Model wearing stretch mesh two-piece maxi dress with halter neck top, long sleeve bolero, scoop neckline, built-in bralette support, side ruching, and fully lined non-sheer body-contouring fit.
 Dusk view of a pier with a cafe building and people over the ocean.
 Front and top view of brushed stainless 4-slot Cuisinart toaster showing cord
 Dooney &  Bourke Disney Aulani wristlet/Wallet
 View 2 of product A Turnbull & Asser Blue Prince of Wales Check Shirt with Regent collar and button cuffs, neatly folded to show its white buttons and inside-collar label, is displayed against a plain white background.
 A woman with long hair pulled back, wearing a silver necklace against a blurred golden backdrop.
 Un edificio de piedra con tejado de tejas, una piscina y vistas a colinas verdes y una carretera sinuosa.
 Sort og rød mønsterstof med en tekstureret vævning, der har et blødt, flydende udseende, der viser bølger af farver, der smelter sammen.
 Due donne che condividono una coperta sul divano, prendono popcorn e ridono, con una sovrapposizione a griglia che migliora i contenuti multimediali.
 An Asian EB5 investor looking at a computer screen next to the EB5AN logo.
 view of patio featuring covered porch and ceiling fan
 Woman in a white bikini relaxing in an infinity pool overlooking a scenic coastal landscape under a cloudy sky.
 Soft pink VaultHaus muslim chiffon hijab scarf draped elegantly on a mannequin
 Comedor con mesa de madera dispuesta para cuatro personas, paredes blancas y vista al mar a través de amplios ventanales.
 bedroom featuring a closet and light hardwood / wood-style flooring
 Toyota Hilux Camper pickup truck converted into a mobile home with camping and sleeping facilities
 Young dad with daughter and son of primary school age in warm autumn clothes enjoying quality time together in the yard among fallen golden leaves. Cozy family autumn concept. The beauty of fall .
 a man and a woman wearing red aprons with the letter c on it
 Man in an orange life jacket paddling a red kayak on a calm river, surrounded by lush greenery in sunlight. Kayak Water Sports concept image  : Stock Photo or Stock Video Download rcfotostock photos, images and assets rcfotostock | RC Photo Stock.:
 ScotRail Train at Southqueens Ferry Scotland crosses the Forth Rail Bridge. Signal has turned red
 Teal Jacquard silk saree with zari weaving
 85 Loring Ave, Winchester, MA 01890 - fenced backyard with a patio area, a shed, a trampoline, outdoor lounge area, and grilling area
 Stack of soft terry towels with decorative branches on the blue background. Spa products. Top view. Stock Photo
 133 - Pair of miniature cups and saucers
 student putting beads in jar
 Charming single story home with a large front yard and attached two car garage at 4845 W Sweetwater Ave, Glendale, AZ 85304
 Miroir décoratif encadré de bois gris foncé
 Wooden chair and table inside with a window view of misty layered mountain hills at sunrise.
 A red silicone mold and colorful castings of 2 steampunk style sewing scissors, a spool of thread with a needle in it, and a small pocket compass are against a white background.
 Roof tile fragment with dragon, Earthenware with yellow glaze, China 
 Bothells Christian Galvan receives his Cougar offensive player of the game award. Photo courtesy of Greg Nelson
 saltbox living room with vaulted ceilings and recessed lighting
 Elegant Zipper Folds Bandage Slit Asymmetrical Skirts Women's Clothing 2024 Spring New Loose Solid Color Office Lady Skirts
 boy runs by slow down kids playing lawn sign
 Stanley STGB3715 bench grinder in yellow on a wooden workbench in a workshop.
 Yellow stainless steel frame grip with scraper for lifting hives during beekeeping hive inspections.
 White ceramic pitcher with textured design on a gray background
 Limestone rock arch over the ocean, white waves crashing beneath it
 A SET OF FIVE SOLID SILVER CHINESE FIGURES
******************************
[What you are asked to do]:
Retype all of the material above with every character intact.

[Result of this exercise]:
Model wearing stretch mesh two-piece maxi dress with halter neck top, long sleeve bolero, scoop neckline, built-in bralette support, side ruching, and fully lined non-sheer body-contouring fit.
 Dusk view of a pier with a cafe building and people over the ocean.
 Front and top view of brushed stainless 4-slot Cuisinart toaster showing cord
 Dooney &  Bourke Disney Aulani wristlet/Wallet
 View 2 of product A Turnbull & Asser Blue Prince of Wales Check Shirt with Regent collar and button cuffs, neatly folded to show its white buttons and inside-collar label, is displayed against a plain white background.
 A woman with long hair pulled back, wearing a silver necklace against a blurred golden backdrop.
 Un edificio de piedra con tejado de tejas, una piscina y vistas a colinas verdes y una carretera sinuosa.
 Sort og rød mønsterstof med en tekstureret vævning, der har et blødt, flydende udseende, der viser bølger af farver, der smelter sammen.
 Due donne che condividono una coperta sul divano, prendono popcorn e ridono, con una sovrapposizione a griglia che migliora i contenuti multimediali.
 An Asian EB5 investor looking at a computer screen next to the EB5AN logo.
 view of patio featuring covered porch and ceiling fan
 Woman in a white bikini relaxing in an infinity pool overlooking a scenic coastal landscape under a cloudy sky.
 Soft pink VaultHaus muslim chiffon hijab scarf draped elegantly on a mannequin
 Comedor con mesa de madera dispuesta para cuatro personas, paredes blancas y vista al mar a través de amplios ventanales.
 bedroom featuring a closet and light hardwood / wood-style flooring
 Toyota Hilux Camper pickup truck converted into a mobile home with camping and sleeping facilities
 Young dad with daughter and son of primary school age in warm autumn clothes enjoying quality time together in the yard among fallen golden leaves. Cozy family autumn concept. The beauty of fall .
 a man and a woman wearing red aprons with the letter c on it
 Man in an orange life jacket paddling a red kayak on a calm river, surrounded by lush greenery in sunlight. Kayak Water Sports concept image  : Stock Photo or Stock Video Download rcfotostock photos, images and assets rcfotostock | RC Photo Stock.:
 ScotRail Train at Southqueens Ferry Scotland crosses the Forth Rail Bridge. Signal has turned red
 Teal Jacquard silk saree with zari weaving
 85 Loring Ave, Winchester, MA 01890 - fenced backyard with a patio area, a shed, a trampoline, outdoor lounge area, and grilling area
 Stack of soft terry towels with decorative branches on the blue background. Spa products. Top view. Stock Photo
 133 - Pair of miniature cups and saucers
 student putting beads in jar
 Charming single story home with a large front yard and attached two car garage at 4845 W Sweetwater Ave, Glendale, AZ 85304
 Miroir décoratif encadré de bois gris foncé
 Wooden chair and table inside with a window view of misty layered mountain hills at sunrise.
 A red silicone mold and colorful castings of 2 steampunk style sewing scissors, a spool of thread with a needle in it, and a small pocket compass are against a white background.
 Roof tile fragment with dragon, Earthenware with yellow glaze, China 
 Bothells Christian Galvan receives his Cougar offensive player of the game award. Photo courtesy of Greg Nelson
 saltbox living room with vaulted ceilings and recessed lighting
 Elegant Zipper Folds Bandage Slit Asymmetrical Skirts Women's Clothing 2024 Spring New Loose Solid Color Office Lady Skirts
 boy runs by slow down kids playing lawn sign
 Stanley STGB3715 bench grinder in yellow on a wooden workbench in a workshop.
 Yellow stainless steel frame grip with scraper for lifting hives during beekeeping hive inspections.
 White ceramic pitcher with textured design on a gray background
 Limestone rock arch over the ocean, white waves crashing beneath it
 A SET OF FIVE SOLID SILVER CHINESE FIGURES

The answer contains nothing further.